[Excerpted records]
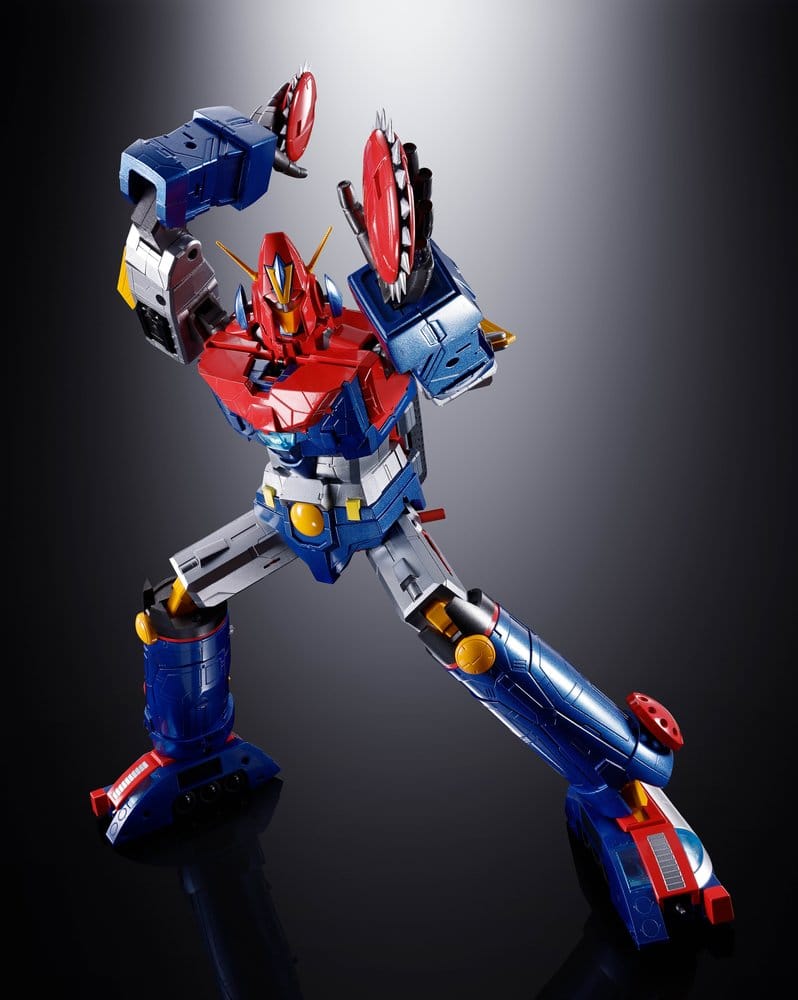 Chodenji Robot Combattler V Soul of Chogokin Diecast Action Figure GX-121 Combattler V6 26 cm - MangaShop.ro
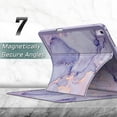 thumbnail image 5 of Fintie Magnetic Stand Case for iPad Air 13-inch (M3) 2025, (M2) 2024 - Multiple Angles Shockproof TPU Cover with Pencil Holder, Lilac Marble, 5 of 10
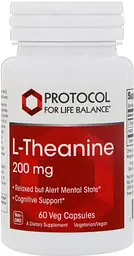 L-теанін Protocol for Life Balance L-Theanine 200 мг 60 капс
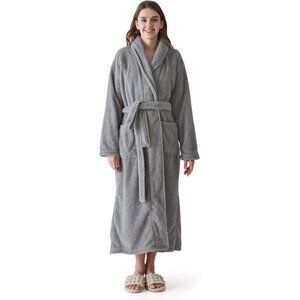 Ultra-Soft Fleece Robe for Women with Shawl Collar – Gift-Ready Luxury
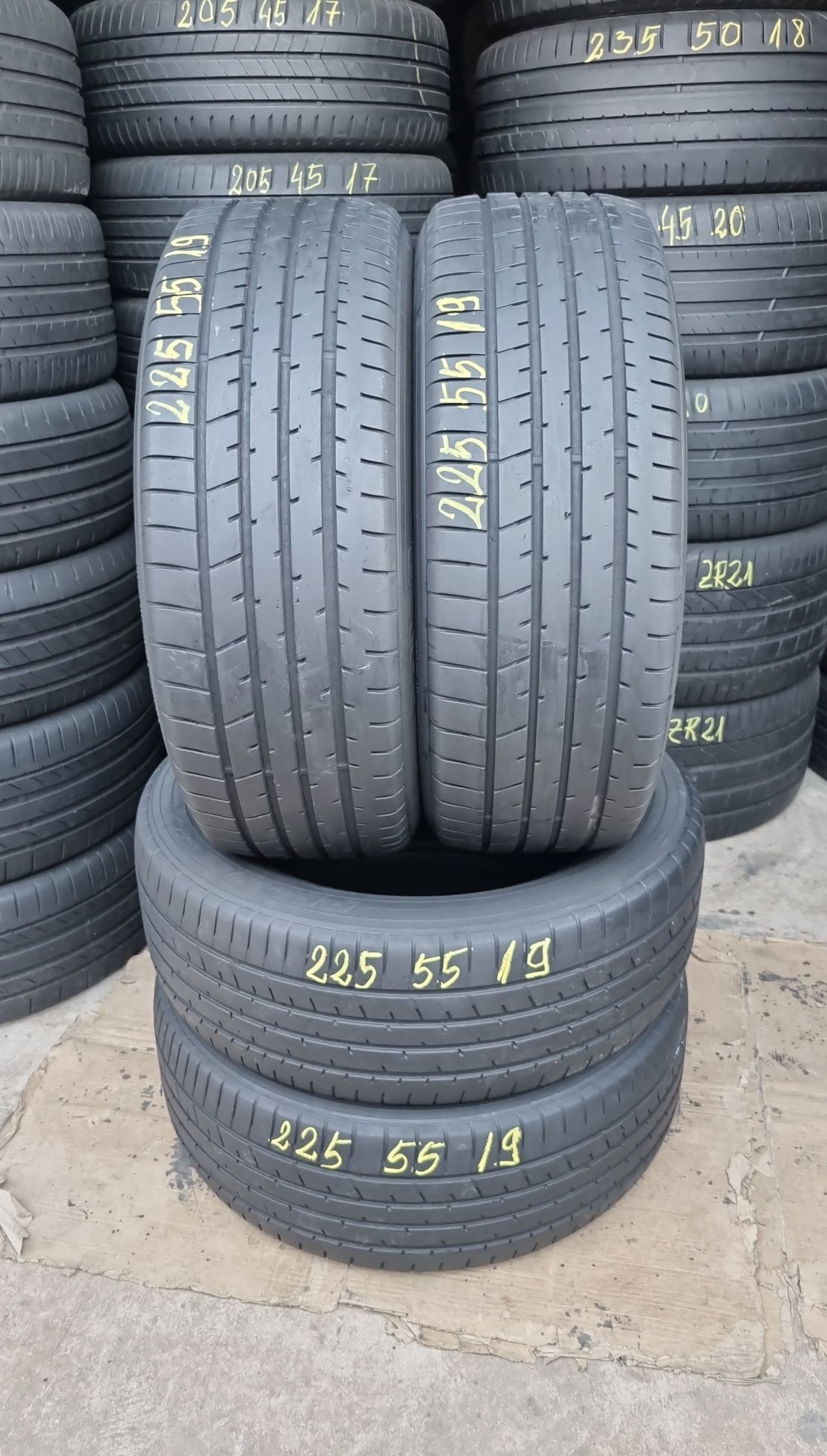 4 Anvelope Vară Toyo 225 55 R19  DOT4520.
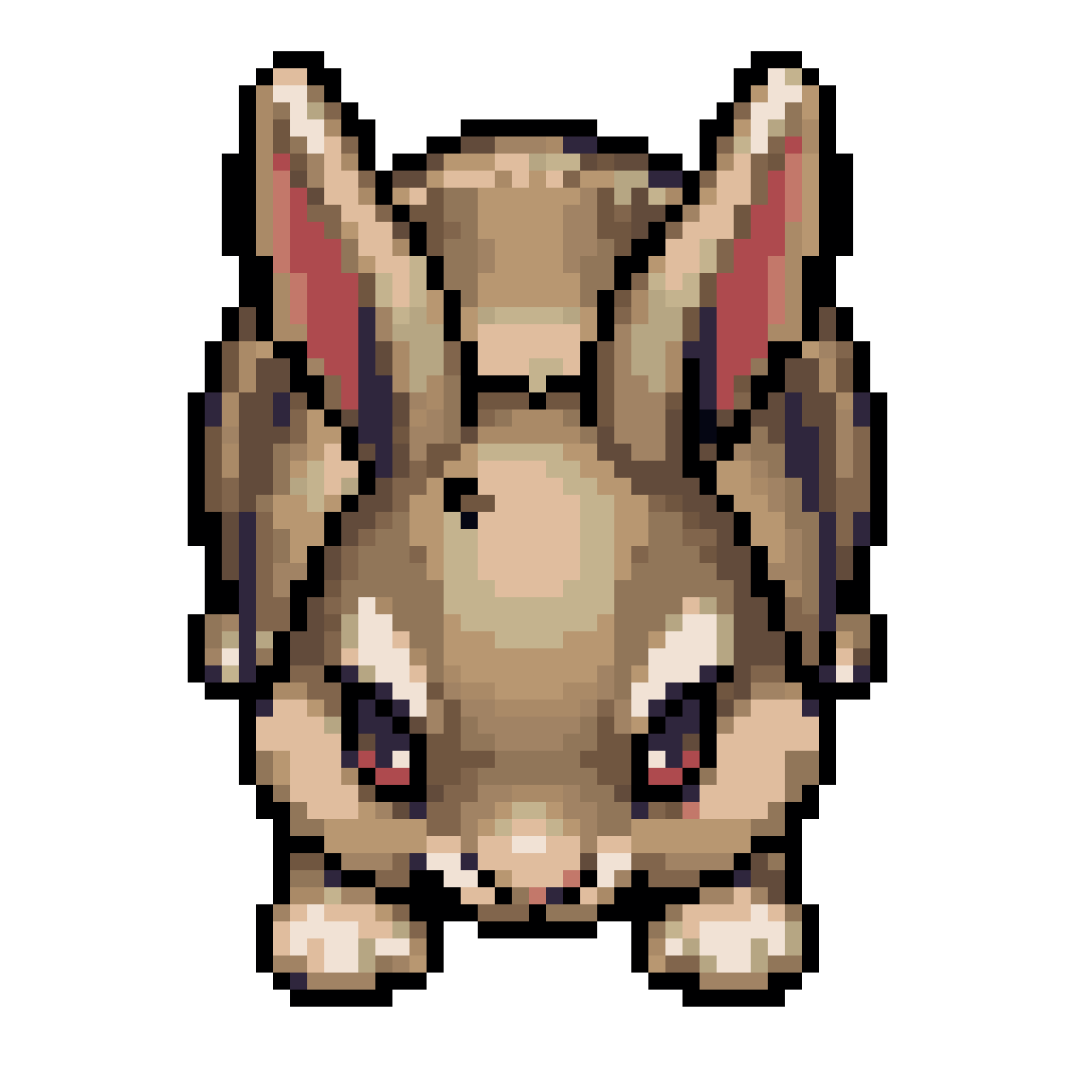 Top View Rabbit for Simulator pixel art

[Task brief] Where pictures appear, skip them and transcribe all other material word for word.

[Answer to the exercise]
 Chodenji Robot Combattler V Soul of Chogokin Diecast Action Figure GX-121 Combattler V6 26 cm - MangaShop.ro
 thumbnail image 5 of Fintie Magnetic Stand Case for iPad Air 13-inch (M3) 2025, (M2) 2024 - Multiple Angles Shockproof TPU Cover with Pencil Holder, Lilac Marble, 5 of 10
 L-теанін Protocol for Life Balance L-Theanine 200 мг 60 капс
 Ultra-Soft Fleece Robe for Women with Shawl Collar – Gift-Ready Luxury
 4 Anvelope Vară Toyo 225 55 R19  DOT4520.
 Top View Rabbit for Simulator pixel art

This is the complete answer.